# Finding the max height of a ball launched as a projectile using work-energy

1. Mar 19, 2007

### ph123

A ball is launched as a projectile with initial speed v at an angle theta above the horizontal. Using conservation of energy, find the maximum height h_max of the ball's flight.

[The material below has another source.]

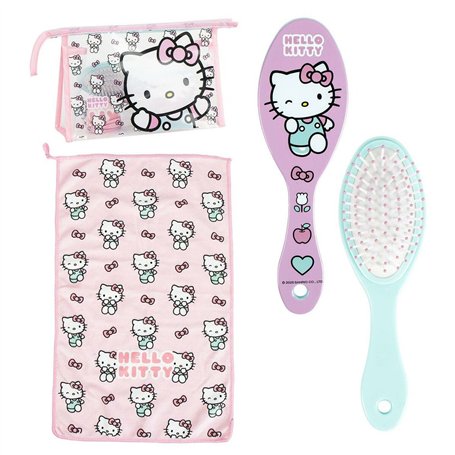 Trousse de Toilette avec Accessoires Hello Kitty Rose 23 x 15 x 8 cm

My energy equation is as follows:

0.5m(v^2)cos(theta) +0.5m(v^2)sin(theta) = 0.5m(v^2)cos(theta) + mgh_max

v^2cos(theta) + v^2sin(theta) = 2gh_max + v^2cos(theta)
h_max = (v^2sin(theta))/2g

This isn't right, somehow. I know that the only velocity at max height is in the x-direction, so max height should be a sine function, right? Did I forget to include something in my energy equation?

2. Mar 19, 2007

### PhanthomJay

Looks like you forgot to square the trig functions. At the top of the flight, for example, the KE is
$$KE = 1/2m(vcos\theta)^2$$. Also, in the initial case, you don't have to break v into its x and y components. You can just use 1/2mv^2 and get the same result.

3. Mar 19, 2007

### ph123

thanks! i got

h_max = (v^2sin^2(theta))/2g

You actually cleared up a big confusion for me in general. I always was using v^2trig(theta) in lots of problems and never understood what was going wrong.

4. Mar 19, 2007

### PhanthomJay

Yes, that is correct, and better than my suggestion to not break up v_initial into its components. In which case you would get, not to confuse you,
$$1/2mv^2 = mgh_{max} + 1/2m(vcos\theta)^2$$
$$v^2 = 2gh_{max} + (vcos\theta)^2$$
$$h_{max} = (v^2 - (vcos\theta)^2 )/2g$$
$$h_{max} = (v^2(1 - (cos\theta)^2)/2g$$
$$h_{max} = (v^2sin^2\theta)/2g$$
which is a bit more tedious than your approach.